Après avoir été stockés sur les sites intermédiaires gérés dans le cadre du plan Polmar, les déchets ont progressivement été transportés sur des sites de stockage spécialement aménagés. Ensuite, TOTAL a pris en charge à la fois l’exploitation des sites et l’élimination des déchets. 200 millions de francs ont été provisionnés à cet effet par le groupe (Sénat, Rapport d’information n°441, Henri de Richemont, Erika : indemniser et prévenir (27.06.2000)).
Affaire juridique
Suite au naufrage, une instruction judiciaire a été ouverte pour enquêter sur les circonstances de l’accident. Un certain nombre de victimes se sont constituées partie civile dont le Conseil régional de Bretagne, le département du Morbihan, Vigipol et un certain nombre de communes mais aussi des associations de protection de l’environnement et des professionnels de la mer.
Près de cinq ans après le naufrage, l’instruction est clôturée en février 2005.Un an après, le juge d’instruction ordonne le transfert du dossier au Procureur de la République et envoi 15 personnes physiques et morales devant le Tribunal correctionnel de Paris des chefs de pollution maritime et complicité, de mise en danger délibérée de la vie d’autrui et complicité et d’abstention volontaire de prendre les mesures pour éviter la survenance d’un sinistre.
Décisions judiciaires
- Le 16 janvier 2008, le Tribunal correctionnel de Paris condamne pour délit de pollution des eaux ou voies navigables françaises : l’armateur, le commandant du navire, la société de classification RINA, la société Total SA (propriétaire du fioul). En revanche, seront relaxé un ingénieur naval, l’agent d’une société immobilière, le directeur d’Amarship, un officier de la marine marchande (commandant), Total transport corporation, TOTAL PETROLEUM SERVICES LTD, le directeur des transports maritimes chez TOTAL SA, un assistant technique, trois officiers de marine.

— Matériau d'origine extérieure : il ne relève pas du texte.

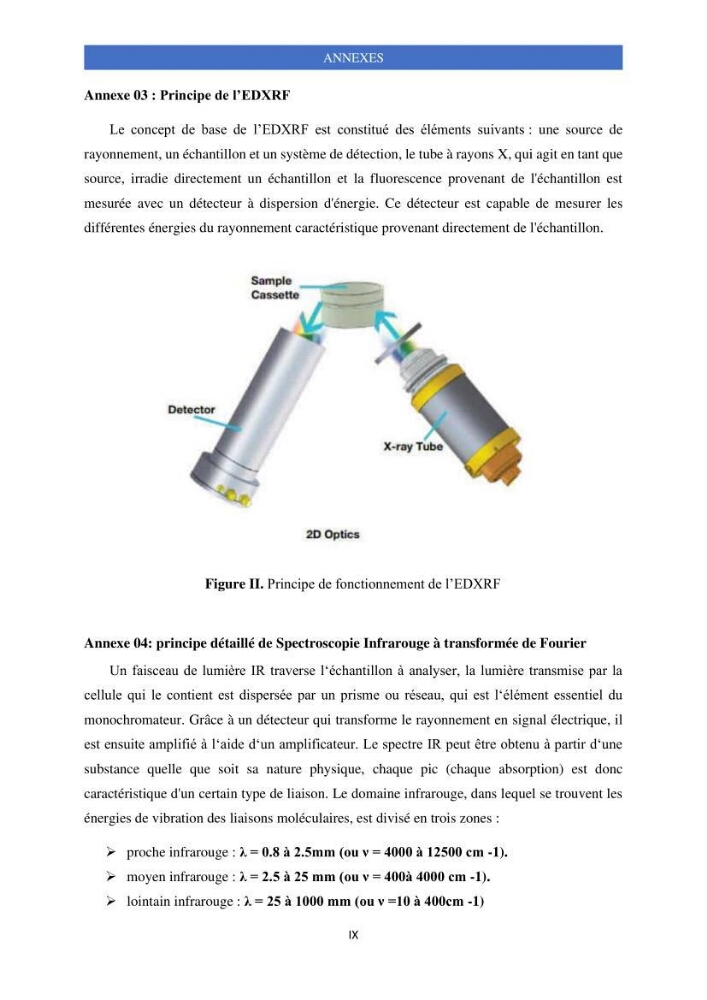 Elimination d’élément radioactif Cs* et d’élément trace métallique Pb en solution aqueuse par adsorption sur les carapaces de crevettes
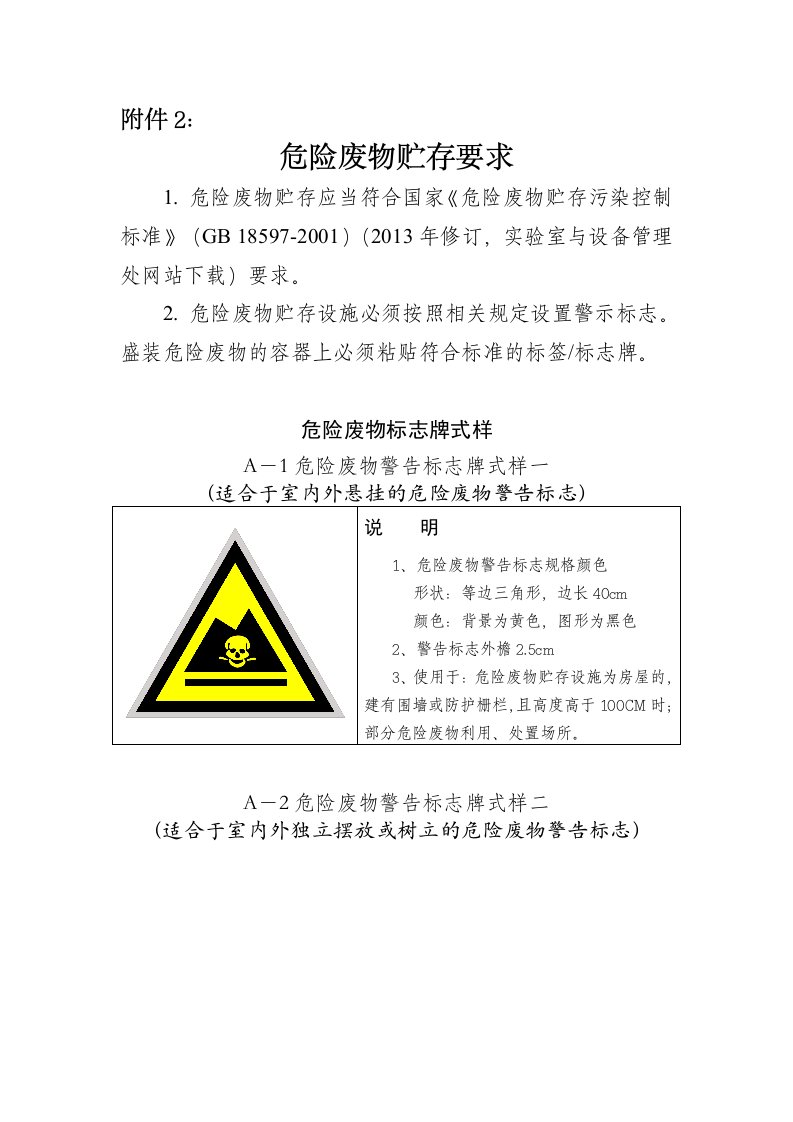 试验室危险废物贮存要求及标志牌式样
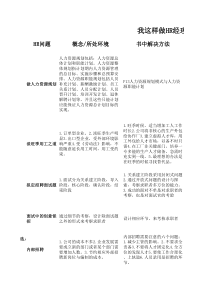 我这样做HR经理读后感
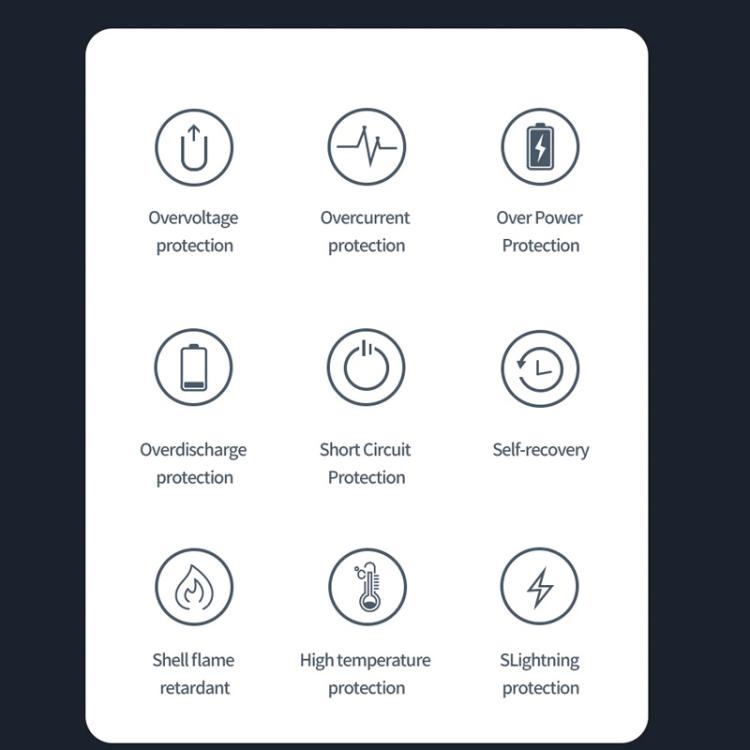 For GoPro HERO13 Black TELESIN 3 Slots Charging Case Compact Storage Box(Black) by TELESIN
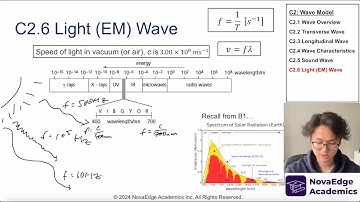 NEW 2025 EXAM IB Physics C2 Wave Model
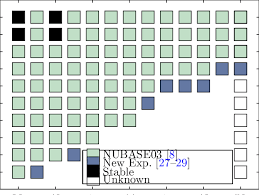 Color Online Cluster Plot Of The Chart Of Nuclides Up To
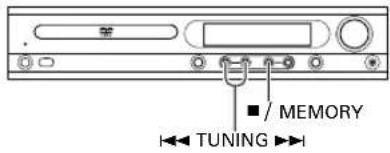 TUNING ■ / MEMORY
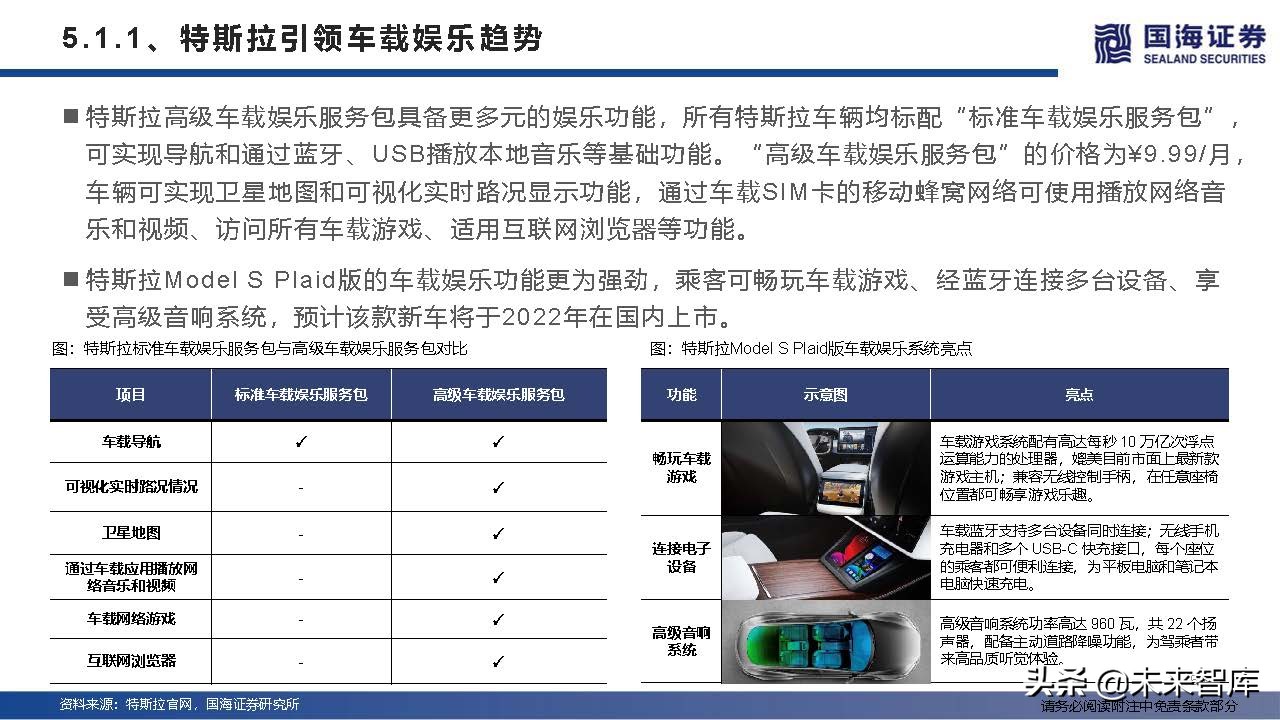 汽车行业深度研究及2022年度策略：产业变革的α，时代浪潮的β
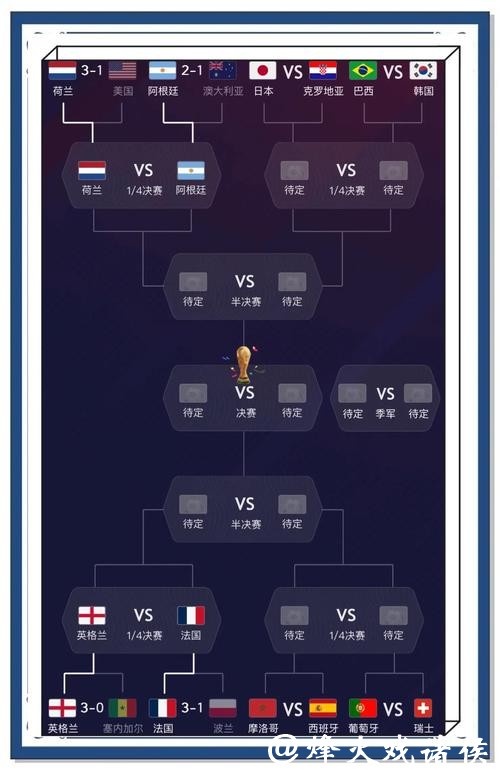 专业精准的世界杯预测平台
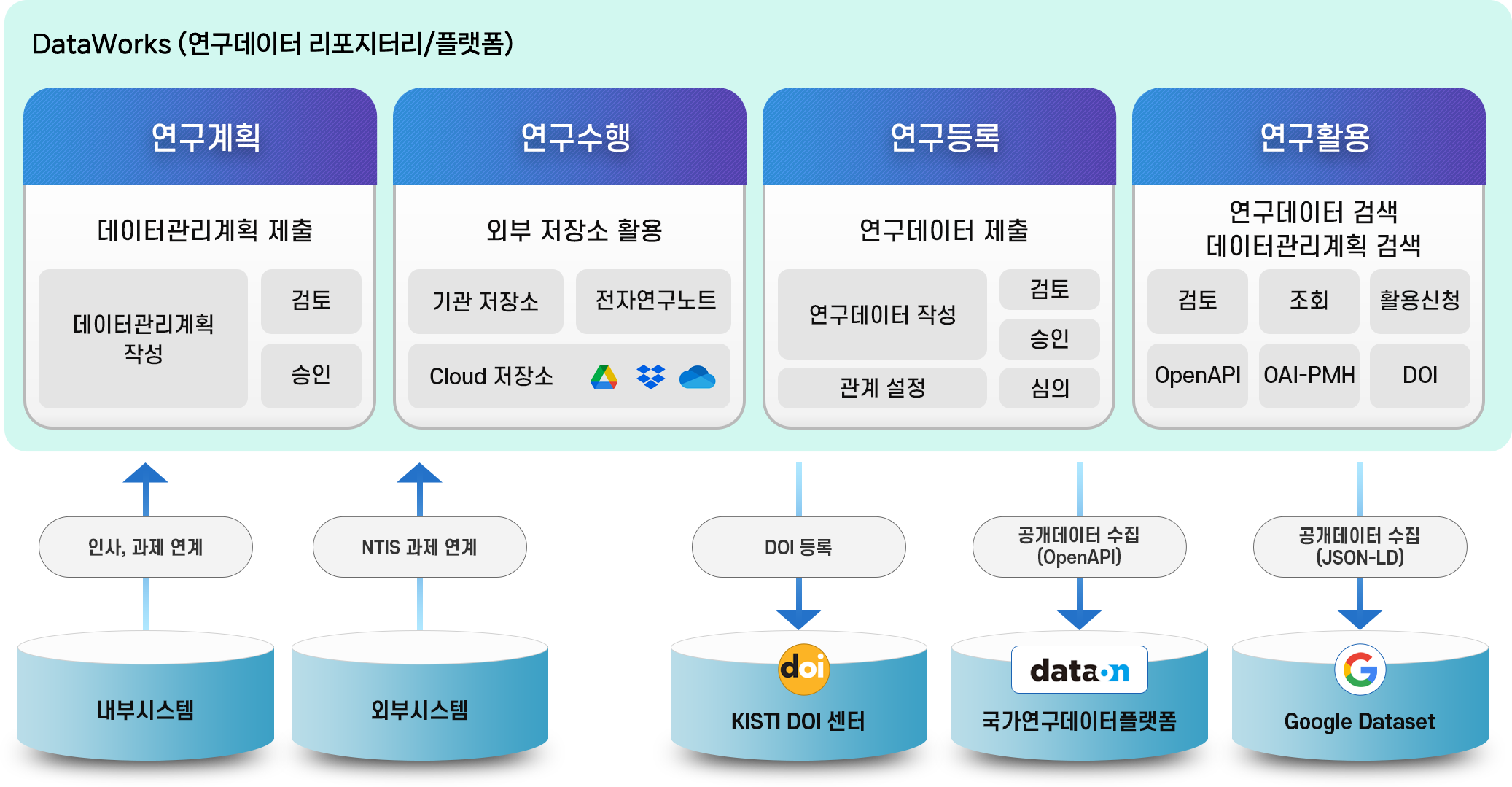 DataWorks 시스템 구성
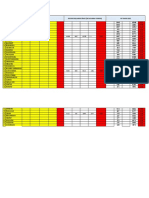 Sinkronisasi Data Pis-Pk Tahun 2022-1 PDF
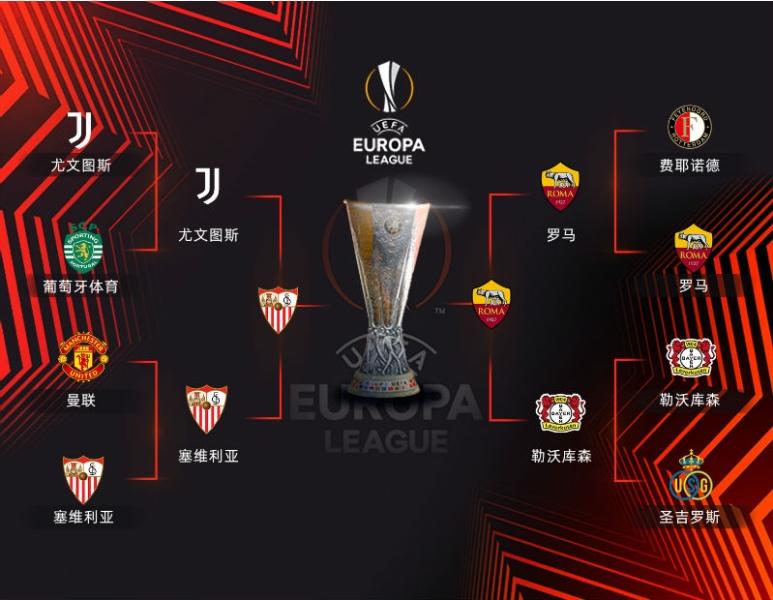 羅馬與塞維利亞勝出，將爭(zhēng)奪2022-23賽季歐聯(lián)杯冠軍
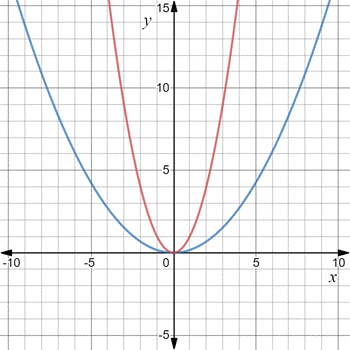 Precalculus with Limits: A Graphing Approach, Chapter 1.4, Problem 79E , additional homework tip  1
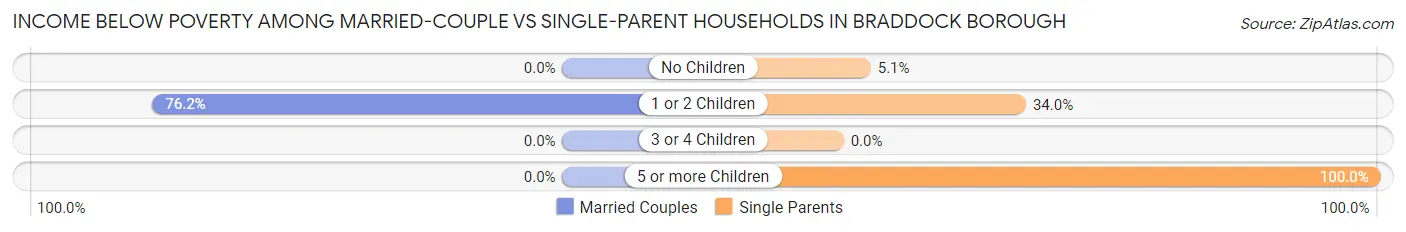 Income Below Poverty Among Married-Couple vs Single-Parent Households in Braddock borough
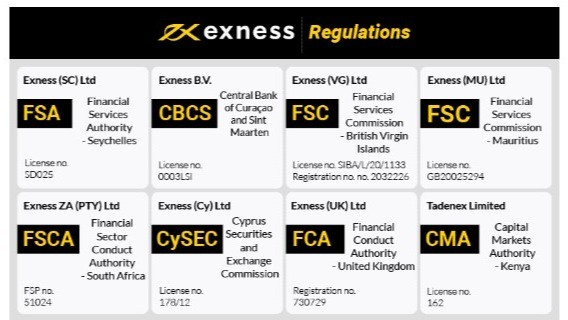 Exness Verification A Complete Guide Exness Verification A Complete Guide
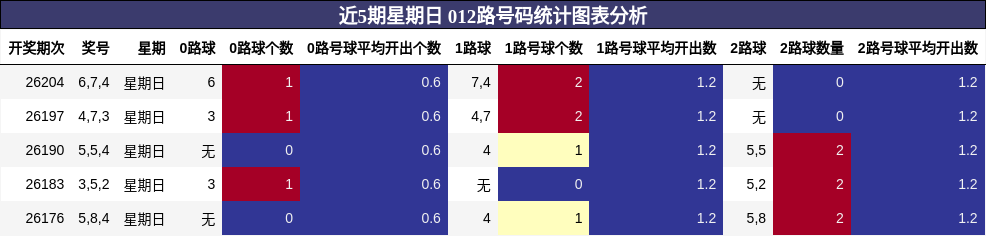 近5期星期日 012路号码统计图表分析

- Le 30 mars 2010, la Cour de Paris confirme le jugement sur l’action publique et reconnait la culpabilité de la société TOTAL SA qu’elle qualifie d’affréteur mais prononce son irresponsabilité civile.
- Finalement, le 25 septembre 2012, la Cour de cassation casse l’arrêt de la Cour d’appel pour avoir exonéré la société Total SA de réparations civiles, juge la société TOTAL SA solidairement tenue de payer aux parties civiles les dommages-intérêts alloués par la Cour d’appel avec les autres prévenus et confirme la reconnaissance du préjudice écologique.
Dans cette affaire, l’armateur, le commandant, la société de classification et TOTAL SA ont été condamnés solidairement à payer :
- à l’Agent judiciaire du Trésor, 153 808 690,17 € en réparation du préjudice matériel et 75 000 € en application de l’article 475-1 du Code de procédure pénale ;
- à Saint-Pierre-Quiberon :
- s’est constituée partie civile, suite à une délibération de son conseil municipal du 1er juin 2007 (pièce communiquée en première instance par son conseil)
- s’est désistée de son appel vis à vis de la SA TOTAL et de ses filiales, le 4 novembre 2009. Devant le tribunal, elle avait sollicité 2 000 000 € de préjudice environnemental et 500 000 € de préjudice moral
- 300 000 € en réparation de l’atteinte portée à sa réputation et à son image marque, au motif qu’il s’agit d’une commune située sur une presqu’île
- 1 500 € en application de l’article 475-1 du code de procédure pénale
- 50 000 € pour la totalité des frais de procédure
Concernant Plouharnel, la Cour d’appel de Paris a constaté son désistement en raison de l’absence d’appel de la décision du TGI de Paris.
Ainsi, l’affaire étant close plus aucun recours ne peut être exercé contre Total.
Plus d’infos
Action engagées
Les contacts réguliers entre Vigipol et les gardes du Grand site ont permis à Vigipol d’être informé de la situation dès sa constatation en novembre 2022.
Par ailleurs, des échanges avec la DDTM du 56 et la préfecture maritime de l’Atlantique début avril ont permis à Vigipol d’être informé du lien étroit entre cette résurgence et le naufrage de l’Erika.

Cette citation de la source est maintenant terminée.